[DATA EXCERPT]

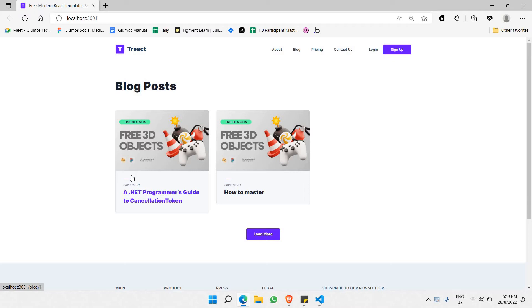What we have here is a blog website where you can have a number of blogs that you'd like to have on your website. Currently I have two blogs here.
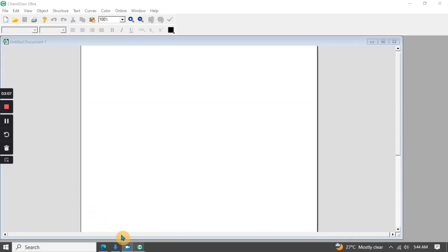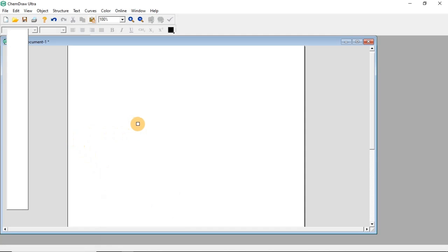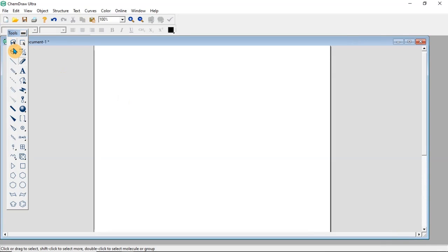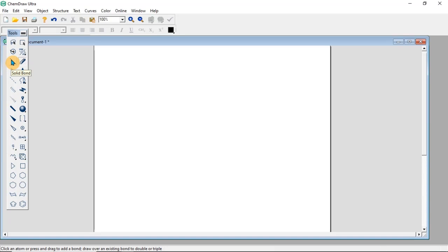This is the ChemDraw software after opening, and these are the key features of the software. Let's go through the various features and how you can use it to draw chemical structures. These features here are what you are going to basically use to draw structures. Here is the working area, the interface where you are going to draw. We have the main tools, and the first is the select tool.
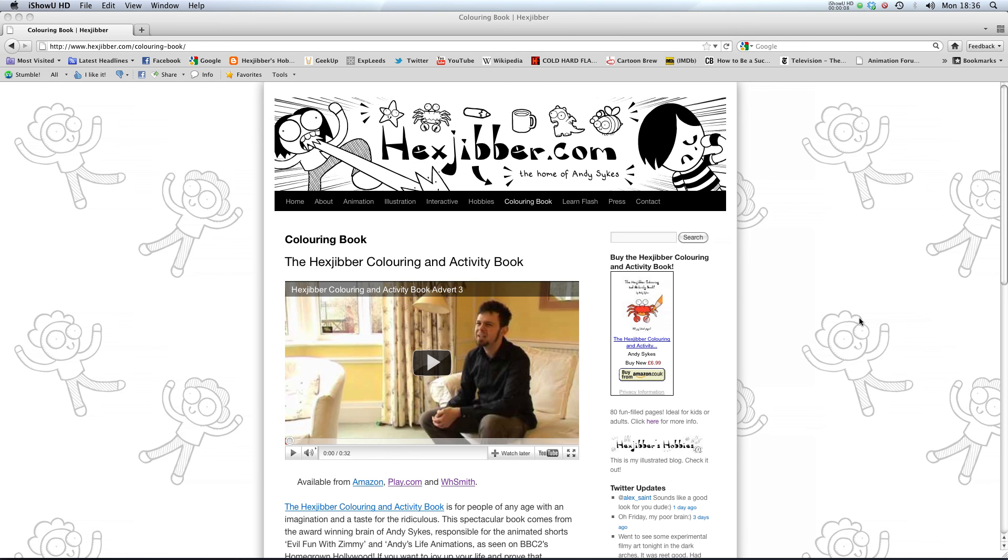Hi, if you enjoyed this lesson, why not consider checking out the Hexjibber Colouring and Activity Book on my website Hexjibber.com. It's suitable for kids and adults alike and you can get it from Amazon, Play.com and WHSmiths. Cheers.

[/DATA EXCERPT]

Pictures are not part of the copy; reproduce exactly and only the lines from the line containing "This is the" through the end of the listing.

* [SOLUTION TO THIS TASK]:
This is the ChemDraw software after opening, and these are the key features of the software. Let's go through the various features and how you can use it to draw chemical structures. These features here are what you are going to basically use to draw structures. Here is the working area, the interface where you are going to draw. We have the main tools, and the first is the select tool.
Hi, if you enjoyed this lesson, why not consider checking out the Hexjibber Colouring and Activity Book on my website Hexjibber.com. It's suitable for kids and adults alike and you can get it from Amazon, Play.com and WHSmiths. Cheers.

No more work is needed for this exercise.